◆ WORK TO COMPLETE
Retype precisely the section of the data that starts at the line containing "Rumah Teres 2-Tingkat" and runs to its final line, ends included.

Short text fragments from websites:
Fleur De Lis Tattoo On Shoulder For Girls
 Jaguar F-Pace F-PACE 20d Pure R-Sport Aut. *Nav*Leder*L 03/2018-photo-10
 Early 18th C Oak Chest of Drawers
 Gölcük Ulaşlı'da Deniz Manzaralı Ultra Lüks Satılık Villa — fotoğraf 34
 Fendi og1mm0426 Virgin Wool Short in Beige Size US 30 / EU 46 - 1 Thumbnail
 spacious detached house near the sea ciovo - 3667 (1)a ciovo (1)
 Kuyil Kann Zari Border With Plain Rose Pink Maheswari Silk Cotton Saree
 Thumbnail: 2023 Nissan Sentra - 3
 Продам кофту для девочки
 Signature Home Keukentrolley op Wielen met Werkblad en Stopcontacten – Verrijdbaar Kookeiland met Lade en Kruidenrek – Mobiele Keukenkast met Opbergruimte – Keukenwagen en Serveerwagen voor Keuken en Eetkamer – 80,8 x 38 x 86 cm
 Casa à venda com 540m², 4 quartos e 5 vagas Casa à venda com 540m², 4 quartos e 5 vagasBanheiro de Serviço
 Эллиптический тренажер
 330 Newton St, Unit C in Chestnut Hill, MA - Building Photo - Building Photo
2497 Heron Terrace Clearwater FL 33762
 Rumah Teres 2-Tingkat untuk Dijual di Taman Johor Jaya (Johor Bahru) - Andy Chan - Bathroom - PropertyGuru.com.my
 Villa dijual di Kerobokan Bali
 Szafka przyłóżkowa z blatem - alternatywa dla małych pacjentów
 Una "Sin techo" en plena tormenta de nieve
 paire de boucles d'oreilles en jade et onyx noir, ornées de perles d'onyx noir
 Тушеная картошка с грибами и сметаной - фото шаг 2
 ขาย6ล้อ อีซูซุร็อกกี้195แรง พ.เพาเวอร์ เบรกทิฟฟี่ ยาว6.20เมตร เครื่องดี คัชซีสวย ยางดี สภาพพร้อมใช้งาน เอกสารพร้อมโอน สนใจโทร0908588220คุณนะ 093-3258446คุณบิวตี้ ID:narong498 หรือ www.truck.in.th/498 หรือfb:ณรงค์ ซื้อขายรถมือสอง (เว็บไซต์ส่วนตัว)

◆ EXERCISE OUTPUT
 Rumah Teres 2-Tingkat untuk Dijual di Taman Johor Jaya (Johor Bahru) - Andy Chan - Bathroom - PropertyGuru.com.my
 Villa dijual di Kerobokan Bali
 Szafka przyłóżkowa z blatem - alternatywa dla małych pacjentów
 Una "Sin techo" en plena tormenta de nieve
 paire de boucles d'oreilles en jade et onyx noir, ornées de perles d'onyx noir
 Тушеная картошка с грибами и сметаной - фото шаг 2
 ขาย6ล้อ อีซูซุร็อกกี้195แรง พ.เพาเวอร์ เบรกทิฟฟี่ ยาว6.20เมตร เครื่องดี คัชซีสวย ยางดี สภาพพร้อมใช้งาน เอกสารพร้อมโอน สนใจโทร0908588220คุณนะ 093-3258446คุณบิวตี้ ID:narong498 หรือ www.truck.in.th/498 หรือfb:ณรงค์ ซื้อขายรถมือสอง (เว็บไซต์ส่วนตัว)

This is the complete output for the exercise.